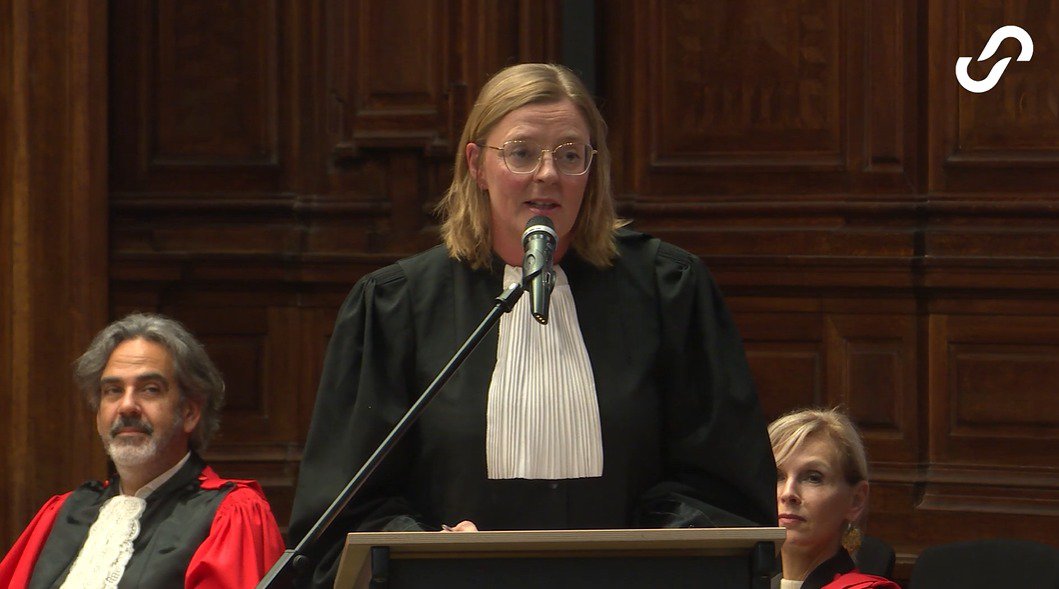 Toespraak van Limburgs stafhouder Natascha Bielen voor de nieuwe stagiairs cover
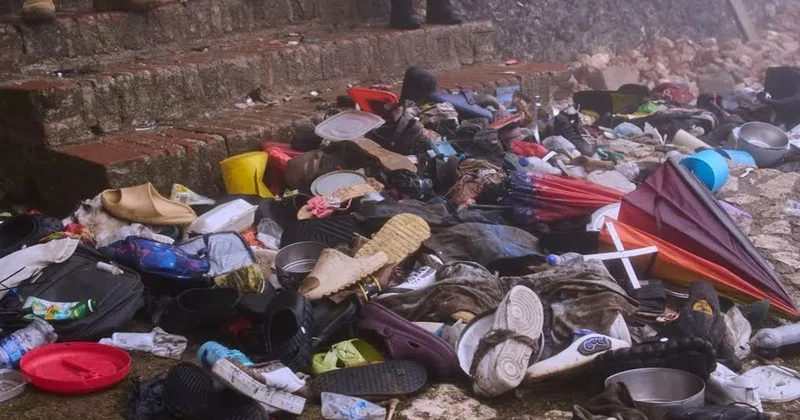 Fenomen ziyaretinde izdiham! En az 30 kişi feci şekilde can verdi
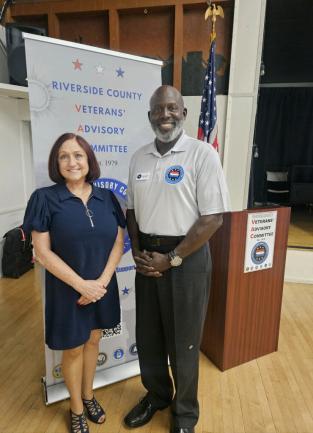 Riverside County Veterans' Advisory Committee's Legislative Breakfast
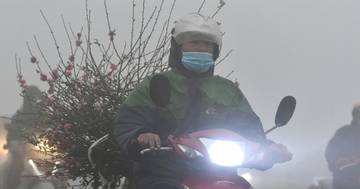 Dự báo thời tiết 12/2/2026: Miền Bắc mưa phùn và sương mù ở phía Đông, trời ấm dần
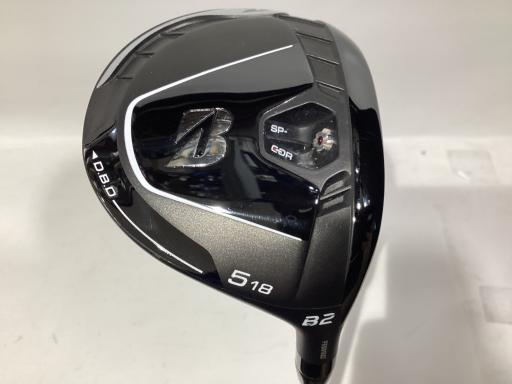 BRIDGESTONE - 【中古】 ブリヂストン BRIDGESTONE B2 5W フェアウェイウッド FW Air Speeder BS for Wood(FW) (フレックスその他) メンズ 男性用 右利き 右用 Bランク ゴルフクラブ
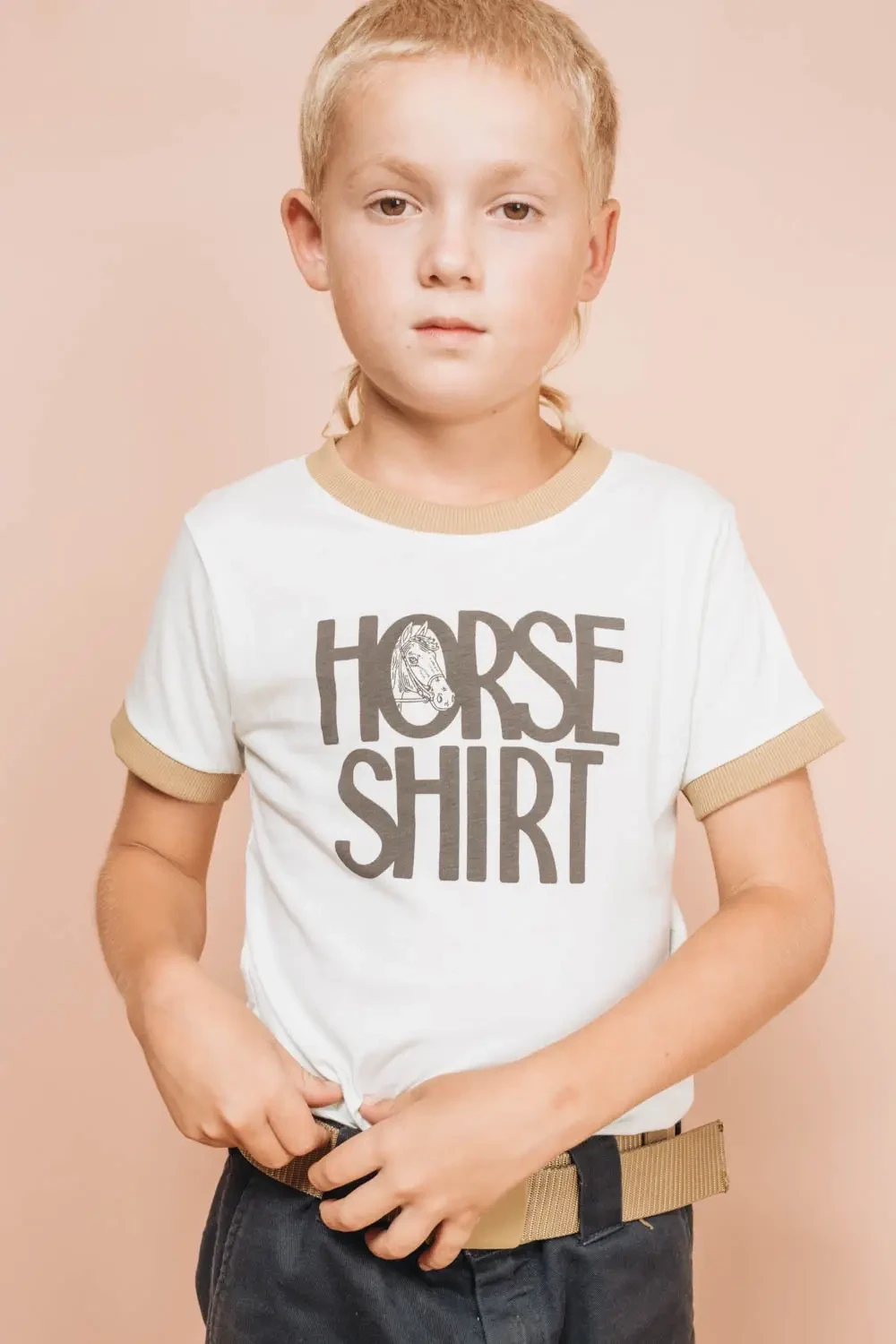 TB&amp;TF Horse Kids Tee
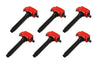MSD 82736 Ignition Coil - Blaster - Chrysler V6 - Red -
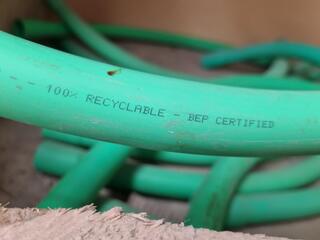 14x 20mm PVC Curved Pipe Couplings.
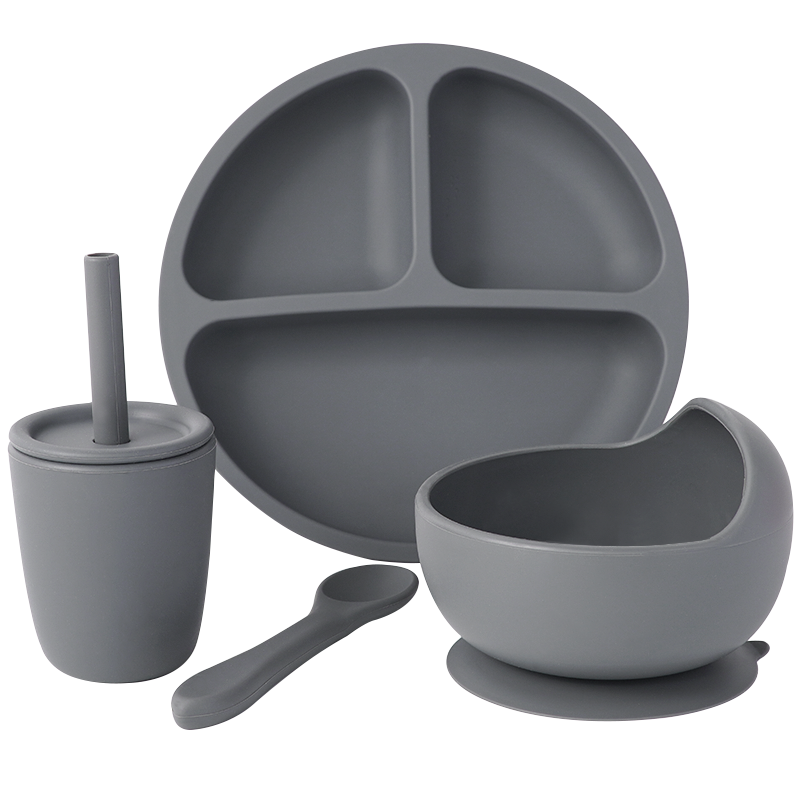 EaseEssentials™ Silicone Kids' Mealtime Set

-------------------------

### [PROBLEM DETAILS]
Every entry, exactly as written: transcribe it, passing over any pictures.

### [FINISHED EXERCISE]
 Toespraak van Limburgs stafhouder Natascha Bielen voor de nieuwe stagiairs cover
 Fenomen ziyaretinde izdiham! En az 30 kişi feci şekilde can verdi
 Riverside County Veterans' Advisory Committee's Legislative Breakfast
 Dự báo thời tiết 12/2/2026: Miền Bắc mưa phùn và sương mù ở phía Đông, trời ấm dần
 BRIDGESTONE - 【中古】 ブリヂストン BRIDGESTONE B2 5W フェアウェイウッド FW Air Speeder BS for Wood(FW) (フレックスその他) メンズ 男性用 右利き 右用 Bランク ゴルフクラブ
 TB&amp;TF Horse Kids Tee
MSD 82736 Ignition Coil - Blaster - Chrysler V6 - Red -
 14x 20mm PVC Curved Pipe Couplings.
 EaseEssentials™ Silicone Kids' Mealtime Set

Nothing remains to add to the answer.